Şimdi, yine kendi sözüne geleceğim, yine Barla’da... Kur’an'ın bütün surları yıkılmış, Kur’an tek başıyla kendini müdafaa ediyor. "Kur’an'ın bütün surları yıkılmış" sözünün mânası, kanaatımca şudur: Dinî tedrisat yapan medreseler, mekteplerdeki din dersleri ve nihâyet camilerin arkasında Allah, Allah denilen tekyeler... Bunların kapanması ve en büyük musibet olarak başımıza gelmesi. Tedris-i Kur’aniyi yasak etti.
Şimdi, Kur’an atlas kaba, atlas kılıfa konarak, kıble duvarına asılmak ve Cuma akşamları ölülerin ruhuna Yasin-i Şerif okunmak için mi kullanılacak?
İşte Üstad, öyle mukaddes ve kudsî bir kitabın, kelâmullahın bu asra bakan ehemmiyetli mânasına işaret edecek... Ve o, bu vazifenin icâbını hepimizin bildiği gibi, en ağır şartlar altında, daima hayatı tehlikede olarak yapmak suretiyle îfâ etmiştir. Bunun için fazla söz söylemeye zannederim ihtiyaç yoktur.

Bir avuç şâkirdin ihlâsı

...Şu Risâle-i Nur dersini dinleyen, sonra başında iki elin parmağı kadar az olan ve hakikaten geçim derdine müptelâ olan bu insanlar, Risâle-i Nura birinci derece muhatap onlardır. İşte onların ihlâslı davranışlarının neticesidir ki, bugün bu eserler elimizde bulunuyor.
Mektup şeklinde, kâğıtlar üzerinde, parça parça, köyden köye gezdirilen Risâle-i Nur, böyle kitaplar halinde mi idi canım?
İlk defa Haşir Risâlesi Kur’ân hurufatıyla tabedildi. O tab da—Allah rahmet eylesin—Şamlı Hâfız Tevfik’in dediği gibi, Üstad’ın kemerindeki otuz altınını bu işe sarf etmesi ile oldu. Kitapların çoğunu da hediye ederdi.

Ev sallanıyor!

Sonra, muhacir Hafız Ahmed... O zatın erkek misafirleri için küçücük bir odası vardı. Üstad Barla’ya, karadan değil, göl tarikiyle, motorla geliyor, sahile çıkıp doğru Muhacir Hafız Ahmed’in o odasına gidiyor.
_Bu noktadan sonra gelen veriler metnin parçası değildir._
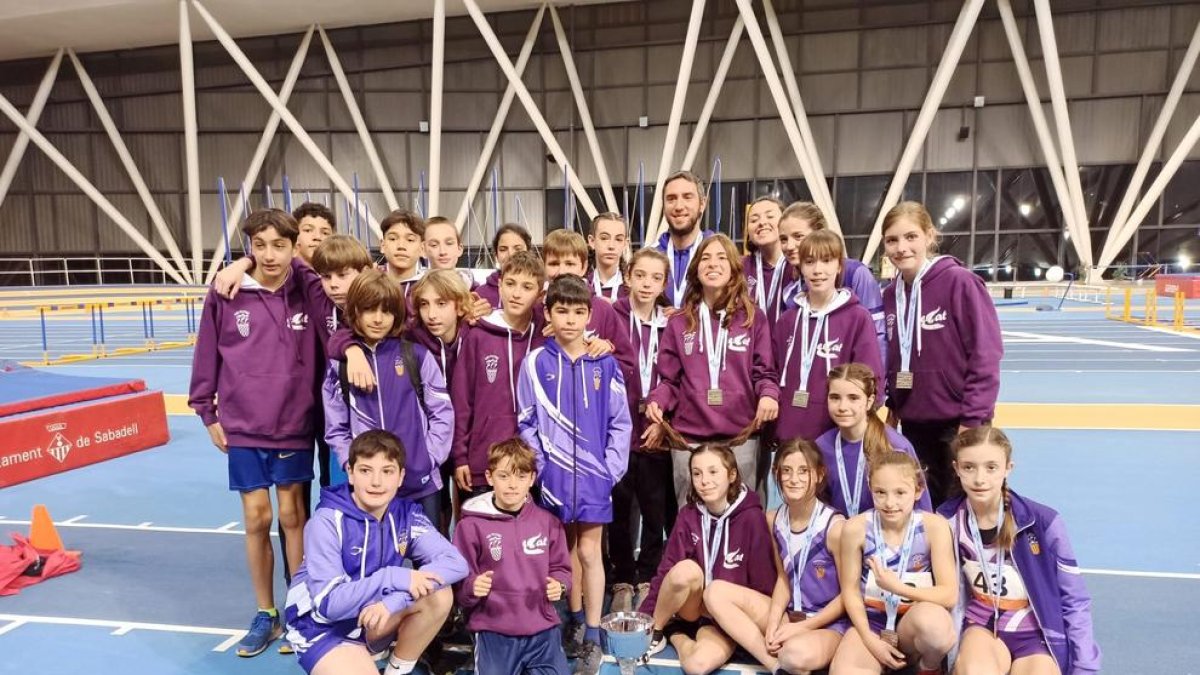 El equipo sub 14 femenino del Club de Atletismo Tarragona.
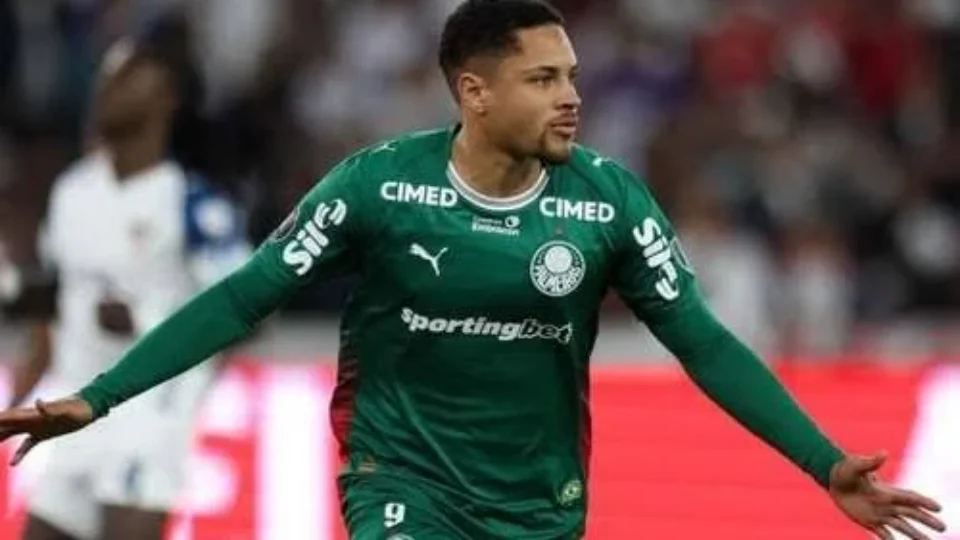 Palmeiras encerra preparação para enfrentar o Vasco e pode ter Vitor Roque como titular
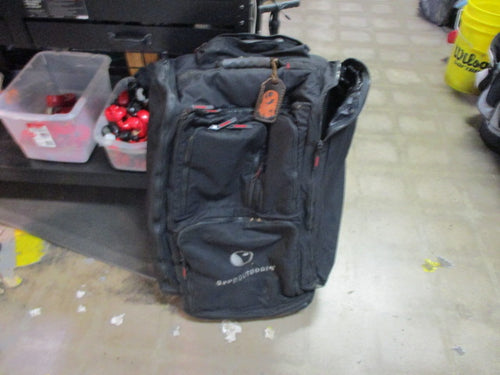 Used Deepoutdoors Large Wheeled DIVE BAG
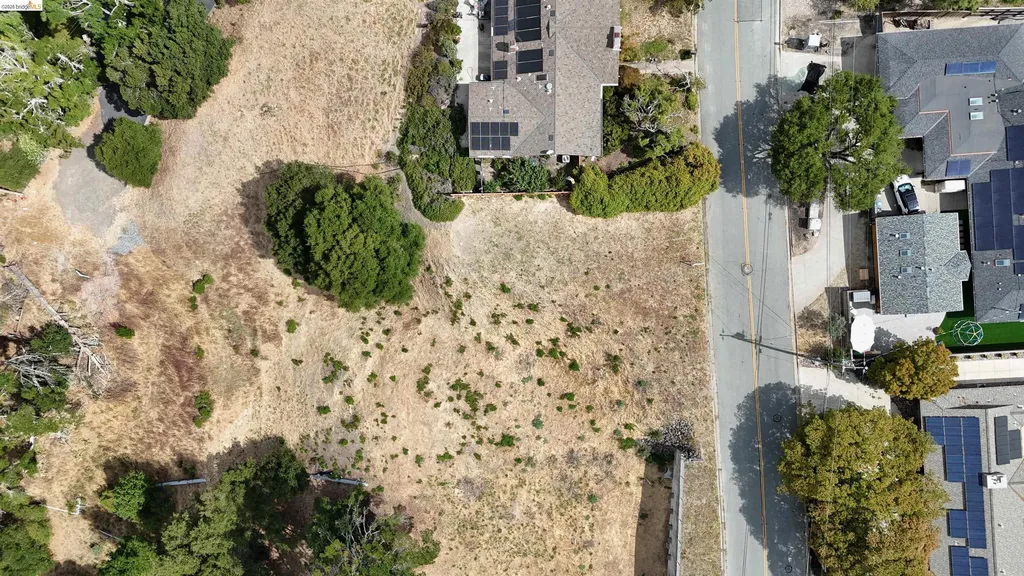 82 Zander Drive Orinda CA 94563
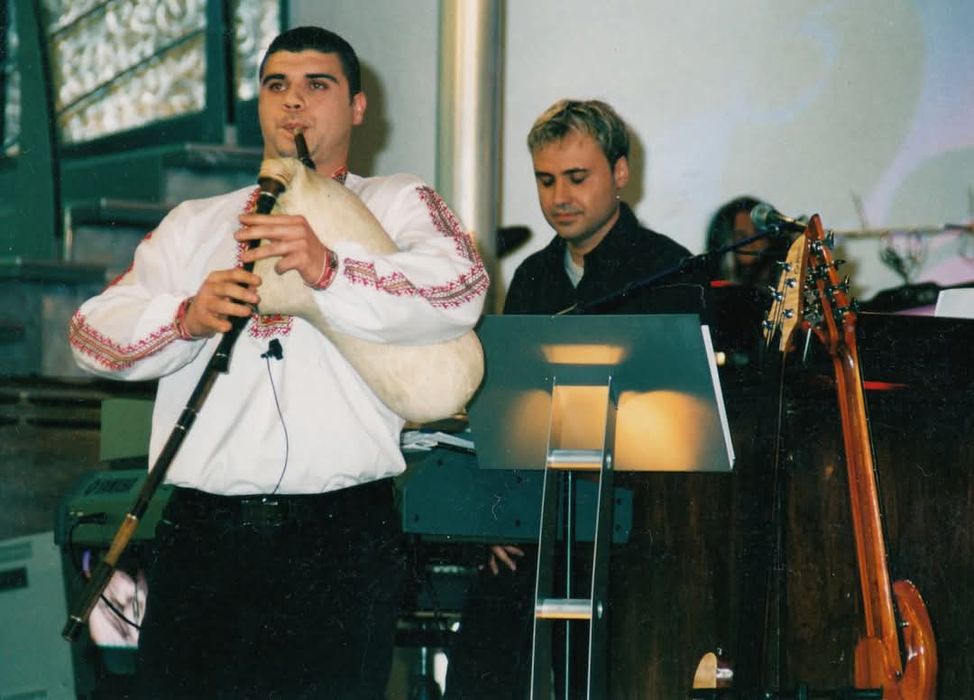 Уроци по Джура и Каба гайда.Може и онлайн.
Kendisini kimse tanımıyor, neyse misafirdir. Zaten Hafız Ahmed de misafirperver bir zat idi. İftar zamanı yakın. Peynir, zeytin gibi üç-dört parça iftariyelik getirmiş. Üstad birini alıyor, diğerlerini götür diyor. Yatsıdan sonra, Üstad o odada yalnız kalıyor.
Hafız Ahmed kendi anlatıyor: “Ne kadar zaman geçti bilmiyorum, bir de baktım, ailem beni dürtüyor. Baktım ki ev sallanıyor. Üstad, 'Rabbî innî messeniyeddurru ve ente erhamürrahimîn' diyor. Çok gür olarak söylüyor. Evet, ev sallanıyor. Hanımıma dedim ki, Allah bizim başımıza bir devlet kuşu kondurdu.”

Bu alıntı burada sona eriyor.